1. Matching grape variety to place. Most of us grow too many varieties. I am as guilty as anyone is. Pulling out vines that you planted is an emotional experience. I have tried to avoid this by field grafting and interplanting, but now I have to face the music. Decades ago we all planted a plethera of varieties because we were basically clueless as to what would do well. By now we do have some clues, and its time to start doing what we do best. I first visited Napa in the late 1970s. Most tasting rooms offered Chenin Blanc, Gamay, Petit Syrah, Riesling and/or Gewurztraminer.
2. Site selection. For years we in the East have talked climate. Winter damage, lack of sun and rain related diseases define our region. We always seem to enviously compare ourselves to sunny California. Do Burgundian winegrowers wish they were in Languedoc? Why don’t the Bordelais pack it up and start growing grapes in North Africa? Yes, our weather is challenging. Rain at harvest time is a bummer. Northern European winegrowers have the same problem. This is why soil drainage defines site and wine quality. This is where we in the East are just starting to wake up. Here in the mid-Atlantic mountains and piedmont, farmland has slowly been abandoned over the last 100 years. Upland soils that are rocky, poor, and excessively well drained were the first to be let go and revert back to forest. These are the best sites for potentially great wines. They are rarely planted to grapes because of the cost and time involved in developing them. The heavier soils in the cropland below the hills are planted instead, yielding vigorous vines and green wines.

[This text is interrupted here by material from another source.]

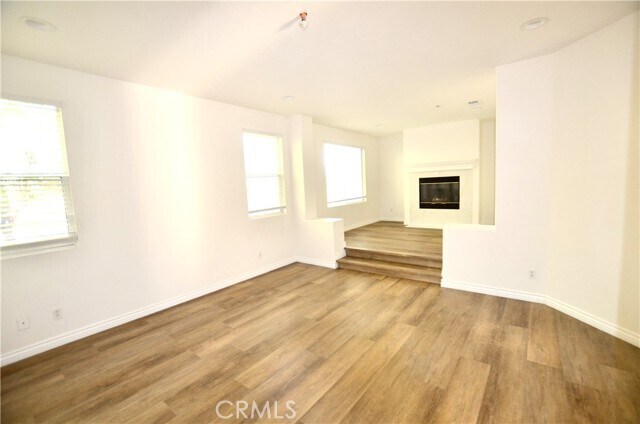 Building Photo - 10870 Tantlinger Dr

3. Keeping vines old and productive. Older vines planted in the right place have the potential to produce wines with more depth, concentration, structure and aging potential. We are just now seeing vines in their twenties, but many of these old vines are struggling. I feel that a major contributing cause to old vine decline is the constant use of chemicals in the vineyard and a lack of awareness of soil health. Again I think we need to follow our European and Californian colleague’s lead and farm more sustainability.
4. Keeping winegrowers old and productive. It takes years, decades, and generations to intimately know a vineyard. At some point vineyard management decisions become intuitive. This is when the wine quality can go from simply good to great.

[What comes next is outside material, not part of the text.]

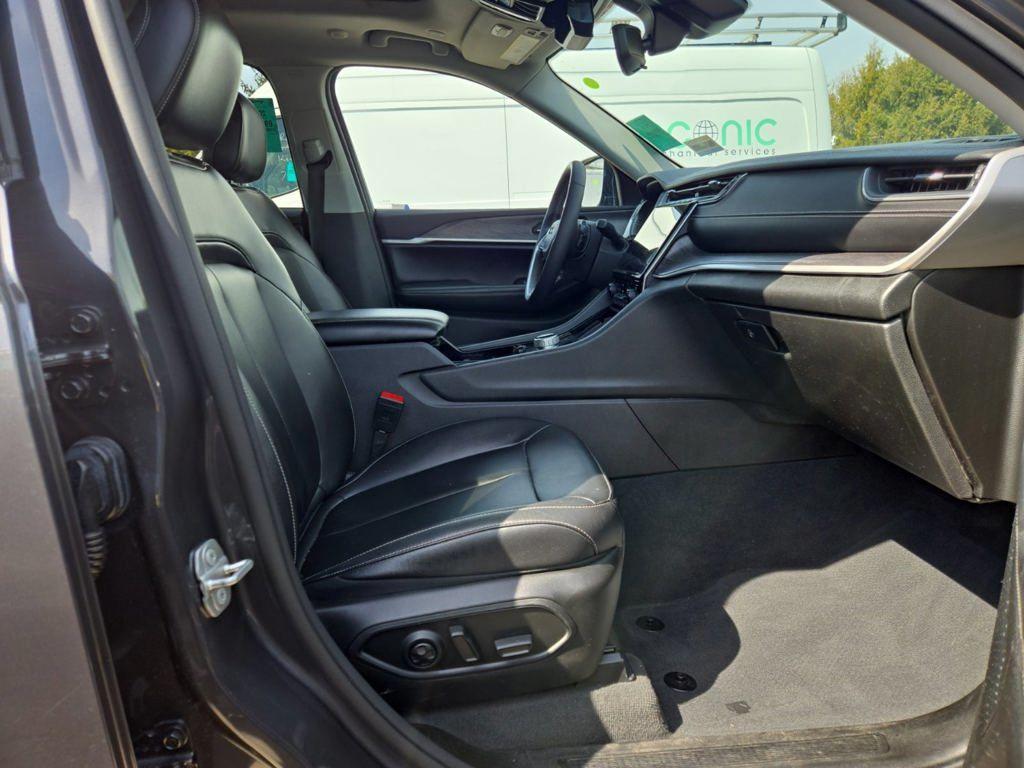 used 2023 Jeep Grand Cherokee car, priced at $32,990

All this is very expensive. Extra labor, reduced crop, higher establishment costs need to be recouped in the form of higher bottle prices. Most of us won’t bother. We can sell our wines profitably now to tourists in our tasting rooms or festivals. We don’t need to compete on a global scale. This is our advantage. This is also what is preventing us from pushing the viticultural envelope to make great wines.